The most obvious point of differentiation on the console builds of Battlefield 3 concerns the fact that the Xbox 360 version comes on two discs, while everything is bundled up together onto one Blu-ray disc for the PS3 game. The multiplayer game, co-op and a 1.5GB "HD" texture install are located on disc one, while the single-player campaign is relegated to disc two.
DICE strongly recommends that you install the texture pack onto the hard drive in order to see the game running with the highest possible texture quality - this is achieved by default on PlayStation 3 via a mandatory install. This sounds absolutely fine, but of course not every Xbox 360 owner actually has a hard drive, meaning that a certain percentage of the audience is going to get a downgraded graphical experience.
Unfortunately, the bad news is that this includes anyone who has bought the entry-level 4GB version of the Xbox 360S "slim" console. Despite carrying more than enough onboard memory to run the enhanced textures, by default the game will not allow you to install the data onto anything other than a hard drive. This seems to be somewhat bone-headed bearing in mind how generous Microsoft is in terms of third party mass storage devices you can attach to the console and how good the performance level can be from these devices.

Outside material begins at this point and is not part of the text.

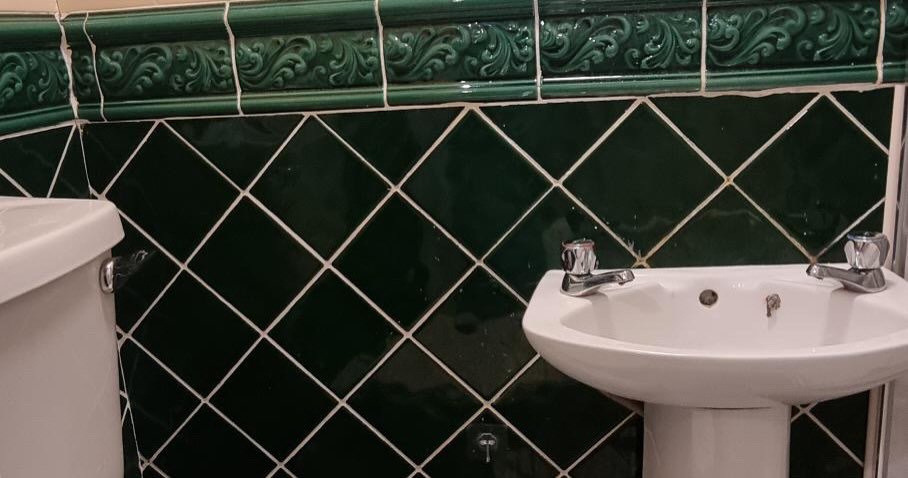 Green tiled bathroom with pedestal sink and toilet. Vintage style bathroom.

Regular Digital Foundry readers may recall our in-depth benchmarking of USB storage devices, where we compared performance from the 360 HDD to a range of different drives hooked up via USB: a basic 16GB stick from Amazon, hard drives in caddies and even an SSD. Only where we really pushed our luck with a no-name micro-SD card in a USB adaptor did we see poor performance - the beauty of flash memory is very fast seek times, so we wouldn't be surprised at all if the 4GB Slim could actually outperform the hard drive. We have to admit to some level of surprise here bearing in mind that titles like Forza 4 do support the onboard memory unit, yet Battlefield 3 does not.
Just how sub-par the uninstalled Battlefield 3 actually looks is worth looking at. We've seen it described elsewhere as looking like a PS1 game. First up, it's worth bearing in mind that only texture quality is affected here. Despite being described in terms of "SD" and "HD", the native rendering resolution of the game is unaffected: all that is missing is some of the higher resolution texture assets. That being the case, describing it as looking like a PS1 game (as we've seen this week elsewhere) is bordering on the criminally insane. Let's re-run some of the campaign cut-scenes and take a look at how they stack up with the install and without.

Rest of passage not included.